- [Problem requirements] Using the data that follows, return exactly the lines from the one that contains "Assembly: The Meeting Point of Possibilities" through the one that contains "8 stuks zelfklevende", ends included.
━━ Supplied entries ━━
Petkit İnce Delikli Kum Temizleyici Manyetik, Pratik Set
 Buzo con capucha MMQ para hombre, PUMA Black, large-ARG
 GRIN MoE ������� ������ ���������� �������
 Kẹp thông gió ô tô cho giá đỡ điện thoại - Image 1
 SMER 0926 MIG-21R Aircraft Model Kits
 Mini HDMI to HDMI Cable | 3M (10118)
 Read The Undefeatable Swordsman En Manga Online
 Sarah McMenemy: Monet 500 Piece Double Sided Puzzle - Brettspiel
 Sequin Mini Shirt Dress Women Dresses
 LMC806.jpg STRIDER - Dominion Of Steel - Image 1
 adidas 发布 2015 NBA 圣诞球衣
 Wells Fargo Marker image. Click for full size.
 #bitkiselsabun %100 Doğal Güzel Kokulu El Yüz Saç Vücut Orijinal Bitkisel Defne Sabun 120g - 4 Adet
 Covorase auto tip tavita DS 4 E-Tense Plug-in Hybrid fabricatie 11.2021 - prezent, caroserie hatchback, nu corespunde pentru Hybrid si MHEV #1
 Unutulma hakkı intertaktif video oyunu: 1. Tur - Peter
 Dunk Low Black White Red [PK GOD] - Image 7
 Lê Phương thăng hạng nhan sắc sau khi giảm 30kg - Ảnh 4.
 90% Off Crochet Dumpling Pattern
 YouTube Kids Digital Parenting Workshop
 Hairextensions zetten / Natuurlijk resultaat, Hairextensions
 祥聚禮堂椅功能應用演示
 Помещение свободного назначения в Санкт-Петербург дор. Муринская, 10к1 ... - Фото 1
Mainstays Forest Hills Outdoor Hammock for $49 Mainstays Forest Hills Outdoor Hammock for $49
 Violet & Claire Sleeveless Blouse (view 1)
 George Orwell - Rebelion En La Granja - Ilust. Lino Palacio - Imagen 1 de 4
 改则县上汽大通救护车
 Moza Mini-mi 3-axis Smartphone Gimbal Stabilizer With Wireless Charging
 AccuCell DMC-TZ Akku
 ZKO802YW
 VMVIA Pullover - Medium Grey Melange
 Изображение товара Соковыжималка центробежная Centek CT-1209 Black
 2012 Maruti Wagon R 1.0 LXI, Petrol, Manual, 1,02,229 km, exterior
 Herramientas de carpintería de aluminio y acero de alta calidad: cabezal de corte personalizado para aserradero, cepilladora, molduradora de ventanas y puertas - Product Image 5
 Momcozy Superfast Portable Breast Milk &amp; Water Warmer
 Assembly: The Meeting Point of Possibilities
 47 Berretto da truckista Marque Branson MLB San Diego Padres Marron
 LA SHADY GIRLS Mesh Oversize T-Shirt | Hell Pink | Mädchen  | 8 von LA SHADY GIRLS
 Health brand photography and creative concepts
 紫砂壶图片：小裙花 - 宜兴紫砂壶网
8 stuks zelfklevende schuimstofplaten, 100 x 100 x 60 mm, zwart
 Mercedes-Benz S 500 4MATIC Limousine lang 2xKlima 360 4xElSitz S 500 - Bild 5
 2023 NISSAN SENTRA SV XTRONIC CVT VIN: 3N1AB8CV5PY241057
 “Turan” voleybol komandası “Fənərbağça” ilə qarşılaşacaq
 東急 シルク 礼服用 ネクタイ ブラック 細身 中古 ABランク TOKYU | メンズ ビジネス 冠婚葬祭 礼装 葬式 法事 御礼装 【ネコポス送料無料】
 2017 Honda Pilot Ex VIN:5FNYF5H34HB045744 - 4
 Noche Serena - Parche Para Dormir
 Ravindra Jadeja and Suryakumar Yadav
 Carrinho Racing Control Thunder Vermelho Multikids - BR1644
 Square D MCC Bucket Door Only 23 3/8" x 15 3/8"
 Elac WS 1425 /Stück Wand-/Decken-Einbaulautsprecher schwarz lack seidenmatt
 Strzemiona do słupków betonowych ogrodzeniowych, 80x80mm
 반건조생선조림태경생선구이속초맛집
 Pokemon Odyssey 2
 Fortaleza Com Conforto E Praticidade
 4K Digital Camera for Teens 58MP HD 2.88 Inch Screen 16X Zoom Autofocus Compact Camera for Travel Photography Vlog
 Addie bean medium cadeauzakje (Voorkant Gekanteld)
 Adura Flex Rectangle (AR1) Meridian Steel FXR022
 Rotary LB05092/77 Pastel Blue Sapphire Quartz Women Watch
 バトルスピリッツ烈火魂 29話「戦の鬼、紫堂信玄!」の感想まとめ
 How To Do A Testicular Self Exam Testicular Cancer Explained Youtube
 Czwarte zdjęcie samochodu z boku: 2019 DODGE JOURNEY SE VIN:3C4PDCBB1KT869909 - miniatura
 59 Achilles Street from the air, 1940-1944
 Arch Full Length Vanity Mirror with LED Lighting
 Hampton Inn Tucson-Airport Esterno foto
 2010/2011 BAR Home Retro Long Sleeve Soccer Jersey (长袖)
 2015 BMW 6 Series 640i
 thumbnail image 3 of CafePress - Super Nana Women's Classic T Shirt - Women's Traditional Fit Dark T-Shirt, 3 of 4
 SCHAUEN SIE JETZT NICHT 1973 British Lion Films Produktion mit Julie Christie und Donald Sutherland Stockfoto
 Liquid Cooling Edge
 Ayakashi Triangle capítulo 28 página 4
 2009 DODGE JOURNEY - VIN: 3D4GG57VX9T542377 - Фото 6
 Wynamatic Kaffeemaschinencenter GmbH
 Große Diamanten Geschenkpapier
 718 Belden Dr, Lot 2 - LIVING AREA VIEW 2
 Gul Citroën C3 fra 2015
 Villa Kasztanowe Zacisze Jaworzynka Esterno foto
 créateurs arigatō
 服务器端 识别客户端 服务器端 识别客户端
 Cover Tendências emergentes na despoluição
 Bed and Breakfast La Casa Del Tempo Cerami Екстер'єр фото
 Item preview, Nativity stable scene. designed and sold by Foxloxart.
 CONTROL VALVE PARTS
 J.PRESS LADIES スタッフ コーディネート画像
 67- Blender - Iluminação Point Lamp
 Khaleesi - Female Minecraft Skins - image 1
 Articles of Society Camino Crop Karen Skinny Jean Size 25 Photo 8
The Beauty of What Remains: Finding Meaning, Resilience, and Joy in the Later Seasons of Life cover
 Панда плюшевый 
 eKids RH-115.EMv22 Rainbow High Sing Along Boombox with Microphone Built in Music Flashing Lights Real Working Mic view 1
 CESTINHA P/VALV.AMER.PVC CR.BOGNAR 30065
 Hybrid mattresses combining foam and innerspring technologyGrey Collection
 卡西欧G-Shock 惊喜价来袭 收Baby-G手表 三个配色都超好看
━━━
- [Output of the exercise]
 Assembly: The Meeting Point of Possibilities
 47 Berretto da truckista Marque Branson MLB San Diego Padres Marron
 LA SHADY GIRLS Mesh Oversize T-Shirt | Hell Pink | Mädchen  | 8 von LA SHADY GIRLS
 Health brand photography and creative concepts
 紫砂壶图片：小裙花 - 宜兴紫砂壶网
8 stuks zelfklevende schuimstofplaten, 100 x 100 x 60 mm, zwart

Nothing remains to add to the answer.